Kansas Senator Roger Marshall Introduces “Ultrasound Informed Consent Act”

WASHINGTON — Today, Senator Roger Marshall (R-Kansas) introduced legislation that would require abortionists to make an ultrasound available to a woman seeking an abortion. Senator Marshall is a medical doctor specializing in obstetrics.

“We thank Senator Marshall for his dedication and commitment to protecting both women and their unborn children,” said Carol Tobias, president of National Right to Life (NRL). “As a physician, Senator Marshall understands that mothers need as much information as possible before making the life-or-death decision of abortion for her unborn child. This legislation would give women the vital information they need before making a life-changing decision.”
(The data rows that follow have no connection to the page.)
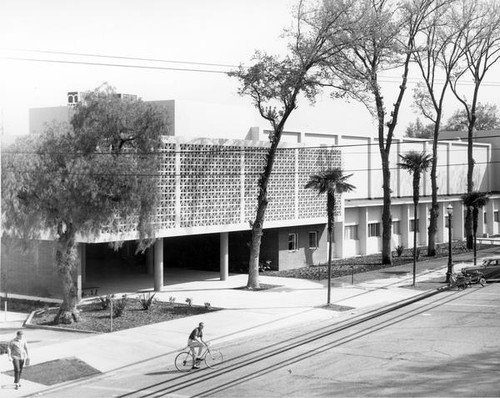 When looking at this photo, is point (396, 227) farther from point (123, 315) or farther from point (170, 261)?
point (123, 315)

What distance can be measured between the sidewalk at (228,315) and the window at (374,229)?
903 centimetres

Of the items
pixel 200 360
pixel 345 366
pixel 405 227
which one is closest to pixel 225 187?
pixel 200 360

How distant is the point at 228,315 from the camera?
30.2 metres

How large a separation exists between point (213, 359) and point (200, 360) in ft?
2.14

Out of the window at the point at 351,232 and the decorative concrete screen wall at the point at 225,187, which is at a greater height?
the decorative concrete screen wall at the point at 225,187

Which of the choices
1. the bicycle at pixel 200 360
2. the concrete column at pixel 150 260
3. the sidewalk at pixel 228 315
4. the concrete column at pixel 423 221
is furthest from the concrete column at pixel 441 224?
the bicycle at pixel 200 360

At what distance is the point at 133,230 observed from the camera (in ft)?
107

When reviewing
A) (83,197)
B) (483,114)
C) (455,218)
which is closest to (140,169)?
(83,197)

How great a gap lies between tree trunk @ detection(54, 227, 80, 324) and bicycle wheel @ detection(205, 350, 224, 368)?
302 inches

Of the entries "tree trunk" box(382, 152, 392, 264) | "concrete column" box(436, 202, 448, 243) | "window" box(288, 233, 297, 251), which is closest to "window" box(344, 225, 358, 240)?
"tree trunk" box(382, 152, 392, 264)

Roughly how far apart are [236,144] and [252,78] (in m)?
5.22

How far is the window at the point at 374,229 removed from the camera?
55.4 meters

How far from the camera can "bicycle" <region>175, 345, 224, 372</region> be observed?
2152 centimetres

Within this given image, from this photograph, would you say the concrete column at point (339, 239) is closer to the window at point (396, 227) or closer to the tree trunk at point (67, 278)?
the window at point (396, 227) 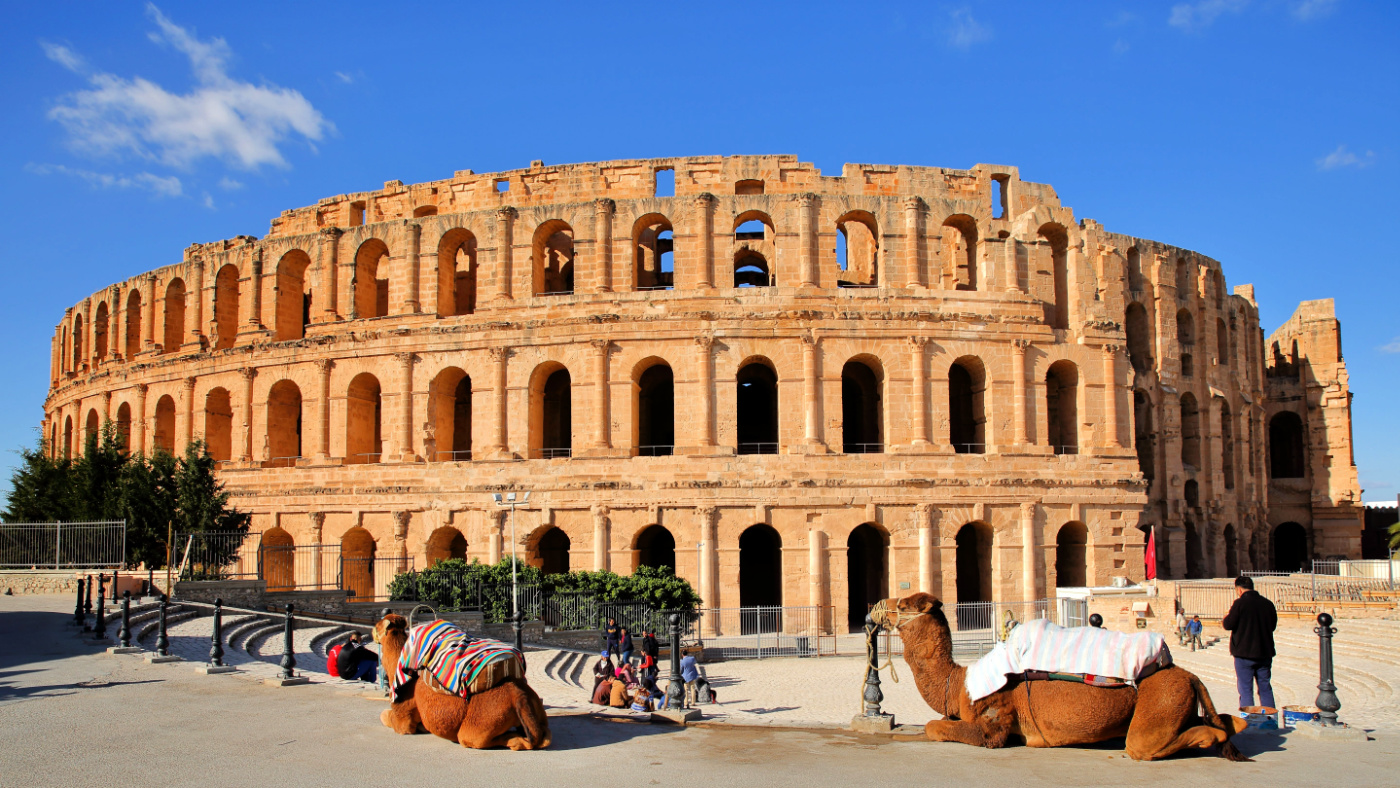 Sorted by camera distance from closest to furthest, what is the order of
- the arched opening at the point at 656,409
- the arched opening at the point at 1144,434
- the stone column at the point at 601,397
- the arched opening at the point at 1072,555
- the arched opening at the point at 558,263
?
the stone column at the point at 601,397, the arched opening at the point at 1072,555, the arched opening at the point at 656,409, the arched opening at the point at 558,263, the arched opening at the point at 1144,434

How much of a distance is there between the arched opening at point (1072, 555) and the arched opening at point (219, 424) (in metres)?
29.1

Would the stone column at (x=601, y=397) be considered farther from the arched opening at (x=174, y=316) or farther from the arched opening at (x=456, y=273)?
the arched opening at (x=174, y=316)

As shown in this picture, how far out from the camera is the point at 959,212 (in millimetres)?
31688

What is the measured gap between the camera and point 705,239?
3058 cm

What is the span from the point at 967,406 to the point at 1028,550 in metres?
5.77

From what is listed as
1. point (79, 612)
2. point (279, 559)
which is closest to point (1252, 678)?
point (79, 612)

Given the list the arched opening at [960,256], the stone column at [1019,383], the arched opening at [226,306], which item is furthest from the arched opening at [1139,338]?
the arched opening at [226,306]

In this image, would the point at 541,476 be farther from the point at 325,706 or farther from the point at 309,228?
the point at 325,706

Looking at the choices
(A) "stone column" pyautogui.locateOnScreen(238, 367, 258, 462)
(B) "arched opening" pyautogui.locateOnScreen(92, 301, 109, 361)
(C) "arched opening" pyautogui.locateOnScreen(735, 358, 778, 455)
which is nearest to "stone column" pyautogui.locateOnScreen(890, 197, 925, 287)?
(C) "arched opening" pyautogui.locateOnScreen(735, 358, 778, 455)

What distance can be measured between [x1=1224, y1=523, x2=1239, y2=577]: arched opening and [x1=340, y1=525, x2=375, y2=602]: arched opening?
3280 cm

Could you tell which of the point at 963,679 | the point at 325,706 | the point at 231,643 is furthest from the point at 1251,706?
the point at 231,643

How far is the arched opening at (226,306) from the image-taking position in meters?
36.0

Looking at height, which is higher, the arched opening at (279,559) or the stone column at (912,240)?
the stone column at (912,240)

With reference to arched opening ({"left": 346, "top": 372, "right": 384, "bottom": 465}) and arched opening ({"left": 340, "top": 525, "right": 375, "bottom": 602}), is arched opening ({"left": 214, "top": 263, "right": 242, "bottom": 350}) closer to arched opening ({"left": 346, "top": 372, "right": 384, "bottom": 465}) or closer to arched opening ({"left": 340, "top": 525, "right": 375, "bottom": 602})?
arched opening ({"left": 346, "top": 372, "right": 384, "bottom": 465}) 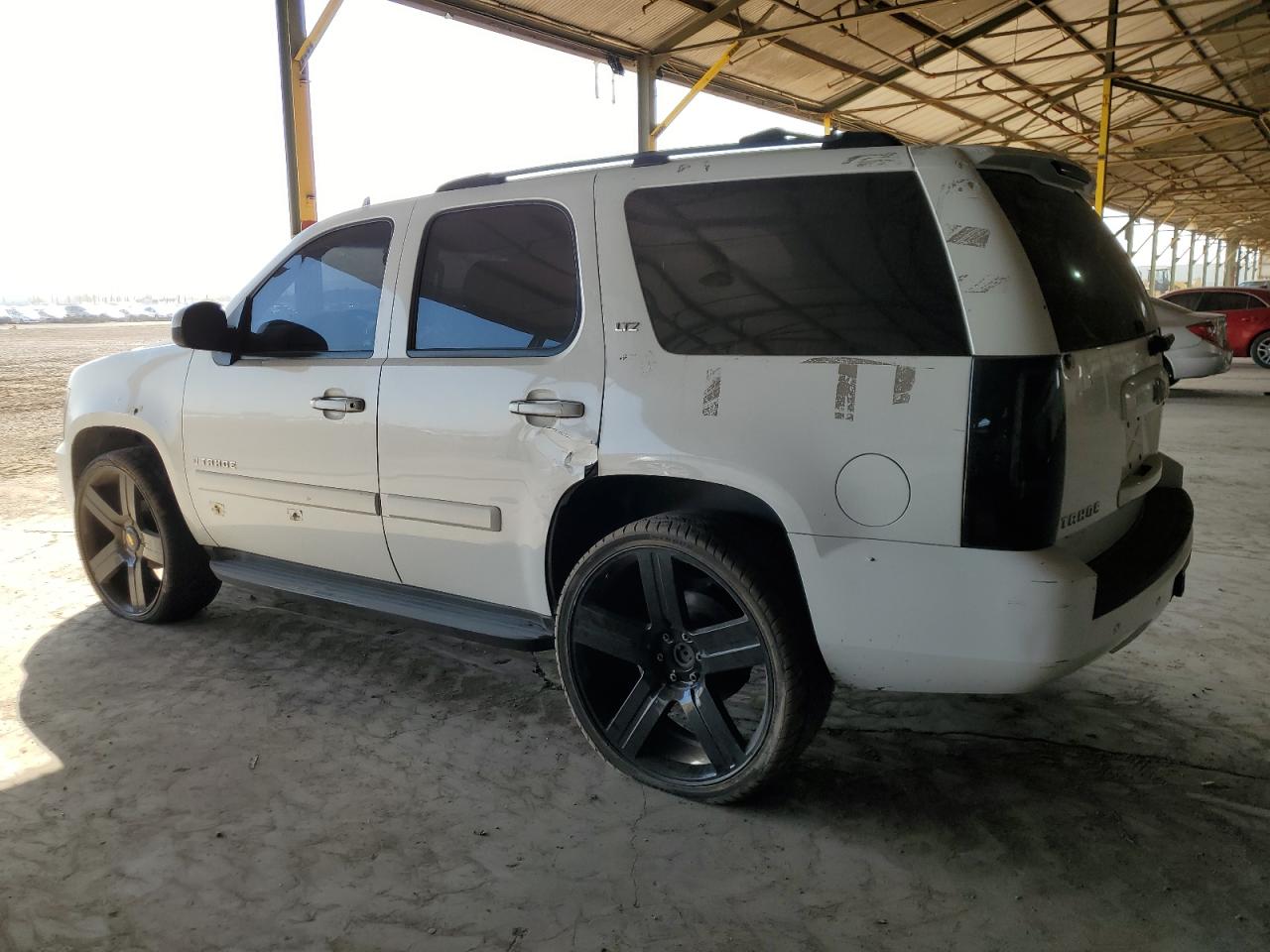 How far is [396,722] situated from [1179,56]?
23.1 m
The “Ultrasound Informed Consent Act” is designed to give women the option of observing an ultrasound of their unborn child before having an abortion. The language of the bill is based on legislation developed by National Right to Life. Currently, 28 states have some requirements providing ultrasounds to pregnant mothers prior to an abortion. Six of these states have passed the revised NRLC model “Right to Know and See” that requires an ultrasound to be performed and displayed for the mother to see. Twenty-two (22) states have passed an earlier NRLC model, “Opportunity to View,” which requires that any ultrasound performed must allow the mother the opportunity to see her baby.

Ultrasound legislation is in effect in 26 of the 28 states with two states (North Carolina and Montana) not in effect due to litigation. For more information, visit: Ultrasound Laws.

“While this reasonable legislation should attract bi-partisan support, nearly every Democrat in Congress rejects even the most common-sense protections for women and their unborn children,” said Tobias. “This is not the dark ages, and in making such a decision, women need to be given information, not kept in the dark.”

On February 28, Senate Democrats, led by Senator Chuck Schumer, failed to invoke cloture on the so-called “Women’s Health Protection Act,” a bill that would have enshrined abortion in federal law and policies and overridden nearly all existing state laws. No Republicans supported the measure, and they were joined in their opposition by only one Democrat, Sen. Joe Manchin (W.Va.). This legislation would have made sweeping changes, including expanding taxpayer funding of abortion, and eliminating requirements that a woman be given information about the development of her unborn child so she can make an informed decision.

“Democrats would have us turn back the clock and take us back to a time in medicine when ultrasound technology did not provide a window into the womb,” said Tobias.

“History shows that if women are given the opportunity to review all of the facts about abortion, especially when given a chance to see an ultrasound of their unborn child, they are less likely to have an abortion,” said Jennifer Popik, J.D., legislative director for National Right to Life. “The more women know and understand about their unborn children, the more they choose life.”